WHAT TO PRODUCE -
Skip the pictures, and retype the data below in full, exactly.

INFORMATION PROVIDED -
BEGIN

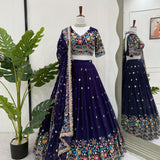 Shloka Georgette Lehenga Choli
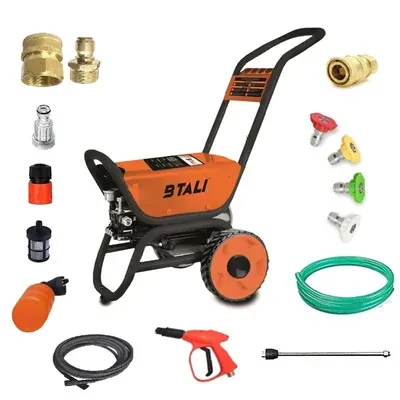 BTALI 2200 W 190 Bar High Pressure Washer and 12 LPM (BT 1150 HPW)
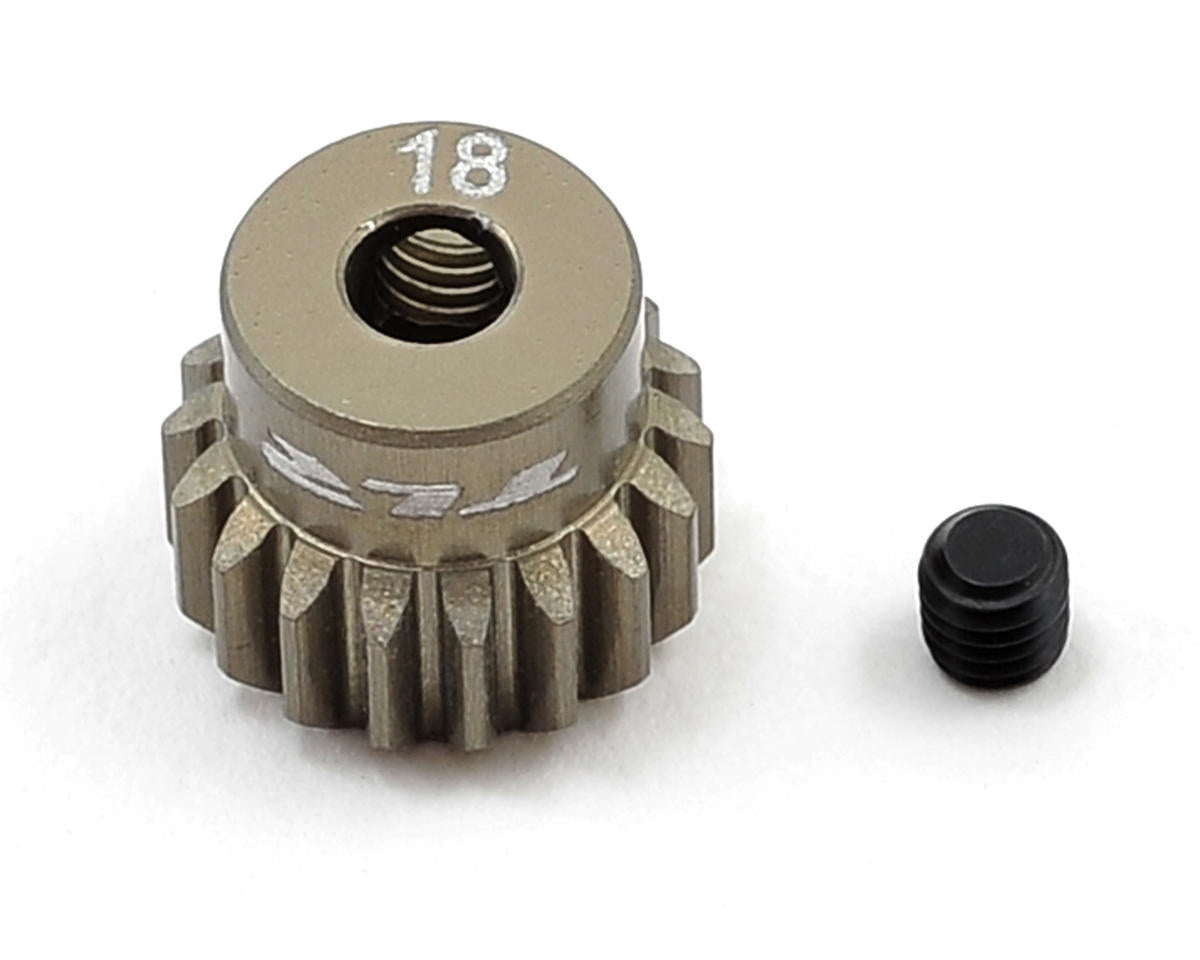 TLR332018 TLR Pinion Gear 18T, 48P, AL Losi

END

EXERCISE ANSWER -
 Shloka Georgette Lehenga Choli
 BTALI 2200 W 190 Bar High Pressure Washer and 12 LPM (BT 1150 HPW)
 TLR332018 TLR Pinion Gear 18T, 48P, AL Losi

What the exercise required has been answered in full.